Data for the task: Begin

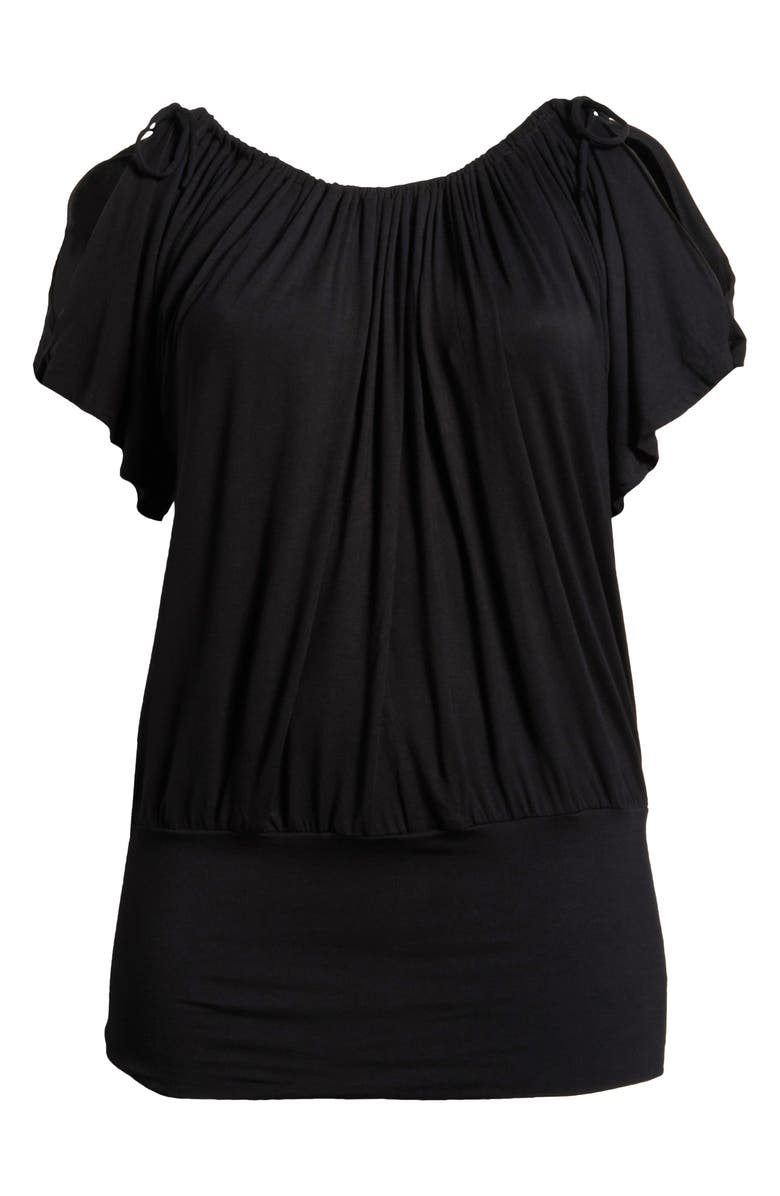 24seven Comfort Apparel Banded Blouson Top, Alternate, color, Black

Data for the task: End
Data for the task: Begin

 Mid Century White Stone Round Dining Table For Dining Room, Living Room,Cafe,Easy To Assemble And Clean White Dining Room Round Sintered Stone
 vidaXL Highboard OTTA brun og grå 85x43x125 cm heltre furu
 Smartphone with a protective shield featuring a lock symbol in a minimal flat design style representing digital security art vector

Data for the task: End

- What this task involves: Only the lines above from the line with "vidaXL Highboard OTTA" to the line with "Smartphone with a", those two lines included, should be reproduced exactly.

- Reply:
 vidaXL Highboard OTTA brun og grå 85x43x125 cm heltre furu
 Smartphone with a protective shield featuring a lock symbol in a minimal flat design style representing digital security art vector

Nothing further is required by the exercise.